By getting into machine or deep learning I mean building upto a stage to do ML/DL research. Applied research or core theory of ML/DL research. Ofcourse, the path to both will quite different.
Standing in 2022, what are the best resources for a CS student/decent programmer to get into the field of ML and DL on their own. Resources can be both books or public courses.
The target ability:
1. To understand the theory behind the algorithms
2. To implement an algorithm on a dataset of choice. (Data cleaning and management should also be learned)
3. Read research publications and try to implement them.
1) Get some statistics/probability basics. It's full of people (you can see a lot of analyses on Kaggle) that "do machine learning" but make very silly mistakes (e.g. turn categorical data into a float and use it as a continuous variable when training a model).
2) take a look at traditional machine learning approaches. Nowadays you're swamped by DL (a lot of good suggestions on this thread, I won't chime in), and you miss the fact that, sometimes, a simple decision tree, or dimensionality reduction approaches (e.g. PCA or ICA) can yield an incredible value in a very short time on huge datasets.

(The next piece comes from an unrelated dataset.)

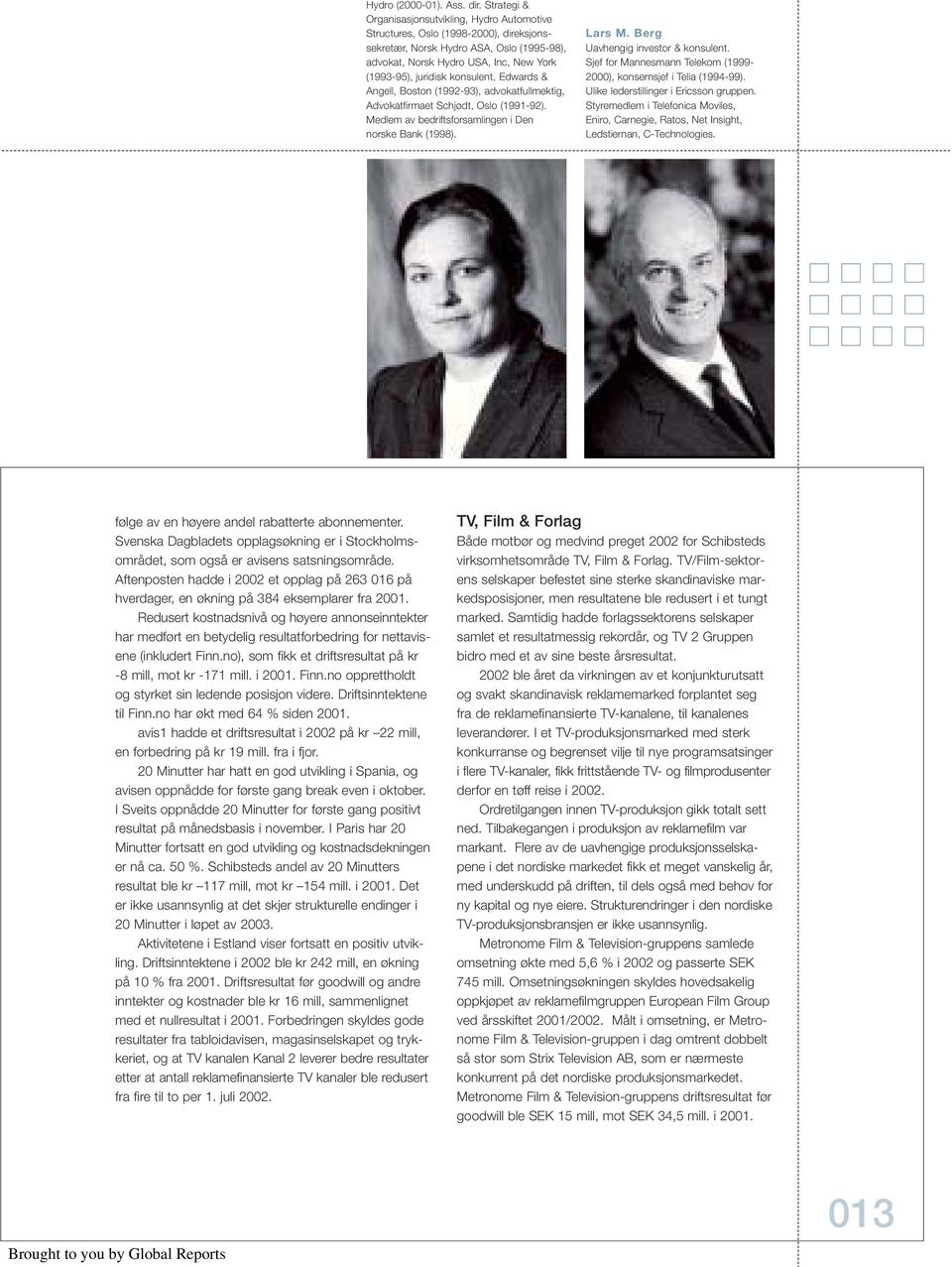 konsulent, Edwards & Angell, Boston (1992-93), advokatfullmektig, Advokatfirmaet Schjødt, Oslo (1991-92). Medlem av bedriftsforsamlingen i Den norske Bank (1998). Lars M.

I had written a fairly short post about it when I finished my georgia tech path https://www.franzoni.eu/machine-learning-a-sound-primer/
3) It can take a lot of time to become effective in ML, effective as in, what you _manually create_ is as effective as picking an existing trained model, fine tune it, and use it. This can be frustrating: low hanging fruits are pretty powerful and you don't need to understand a lot about ML algorithms to pick them up.
4) Consider MOOCs or online classes. I took Georgia Tech OMSCS, I can vouch for it and some classes force you to be a data scientist and read papers as well, and you can have "real world" recognition and discuss with your peers, which is useful!